Artists, and even self-identified critics, do this all the time too: What do you know, have you written a book? “Stfu & build something” is sort of like a younger, richer cousin of “snarking from the sidelines.”
This line of thinking has flourished in tech, because startup people love talking to startup people, and because, among peers who also see the world as a set of logistical arrangements in dire but mysterious need of optimization, it’s not unreasonable: With venture capital at your back, criticism without investment is just waste. Problems without accompanying investment opportunities are therefore somehow flawed — not quagmires, exactly, or paradoxes, but certainly not worth your time — and should therefore be totally ignored.

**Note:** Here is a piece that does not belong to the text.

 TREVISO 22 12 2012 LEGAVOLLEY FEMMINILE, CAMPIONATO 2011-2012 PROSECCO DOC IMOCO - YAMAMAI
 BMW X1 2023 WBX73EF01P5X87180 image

But if you stop privileging venture capital as your moral context — or, harder, stop privileging capital in general as an all-consuming intellectual context — “stfu & build something” sounds different. It sounds very stupid! Imagine arguing like that with your partner. (Or maybe you do, in which case you are a sociopath.) It is a rejection of criticism unless that criticism takes the specific form of action, which is in this case investment or software; it betrays a bizarre and heroic self-image, and delusional ideas about what it is, exactly, that a startup founder does. It also ignores a crucial (and actually kind of flattering!) fact: That all startups are criticism, rendered in money and work. Uber was condemnation of the taxi industry and treatise on logistics; Facebook was a criticism of the social networking sites that came before it, as well as their advertising models. Successful startups begin with critical ideas about problems that are best addressable by a particular type of resource, and then grow by addressing them.
To say “stfu & build something,” or some variation thereof, is to demand that a critic engage you on your own narrow terms — terms which may well be a subject of the criticism in the first place. Uber critics, for example, might be worried about the future of public transit, which will be affected by the company, but which operates according to a set of principles incompatible with pure market values. Andreessen occasionally bumps up against the limits of his worldview with weird tautological tweets (which, to his credit, he then discusses).
“I hate that Technology X is killing Technology Y.” = “I hate that customers are choosing Technology X over Technology Y.” (In most cases!)
— Marc Andreessen (@pmarca) December 9, 2014
There’s victor-writes-history asymmetry to this sentiment, which is common in the tech world. Consumer choice is a reflection of rightful destiny when referring to the present or the past; when looking forward, however, the operating assumption is that consumers don’t yet know what they want, and must be shown.
ANYWAY: I’m with Goldberg on his first point, for what it’s worth: shutting the fuck up about The New Republic is very good advice. But still, criticism is creation! Even the endless horrible moans about TNR, which were bad in terms that a startup founder could understand: they convinced nobody of anything, they reached nobody new, they were functionally flawed. They were bad investments, I guess, but god, what an empty, depressing way to see the world.
All I ask for is consistency. If building something is more virtuous than talking, then shouldn’t the builders shut the fuck up too?